**Data segment**
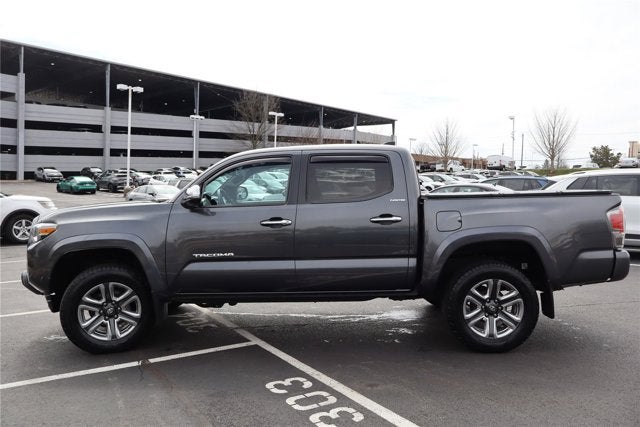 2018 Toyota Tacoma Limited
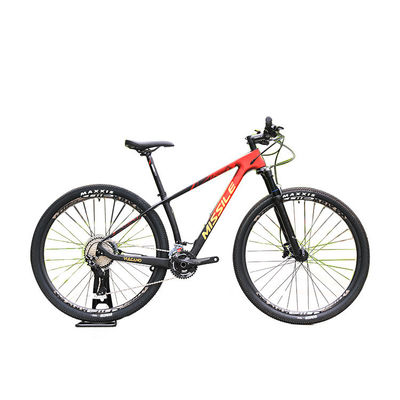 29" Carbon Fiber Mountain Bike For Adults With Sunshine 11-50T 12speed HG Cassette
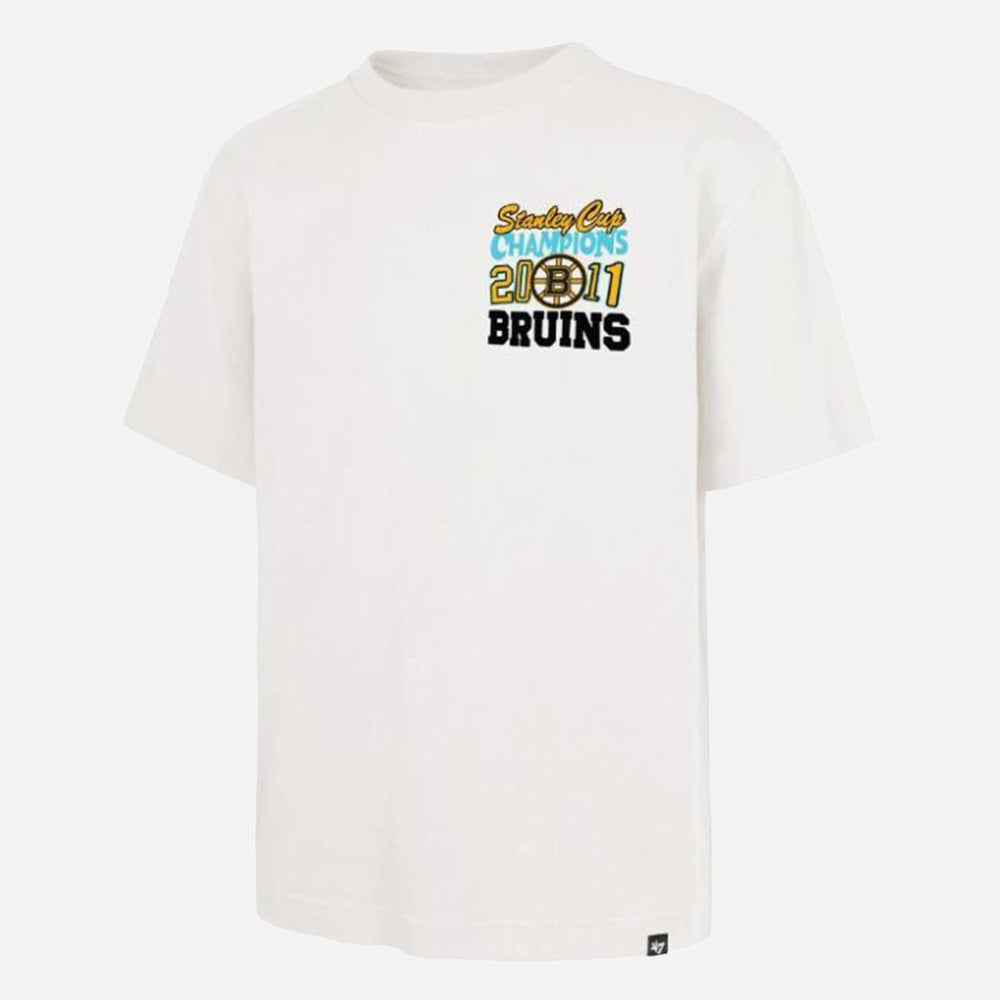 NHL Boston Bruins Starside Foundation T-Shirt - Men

**Activity**
Every line above should be duplicated exactly; the pictures are to be left out.

**Output of the task**
 2018 Toyota Tacoma Limited
 29" Carbon Fiber Mountain Bike For Adults With Sunshine 11-50T 12speed HG Cassette
 NHL Boston Bruins Starside Foundation T-Shirt - Men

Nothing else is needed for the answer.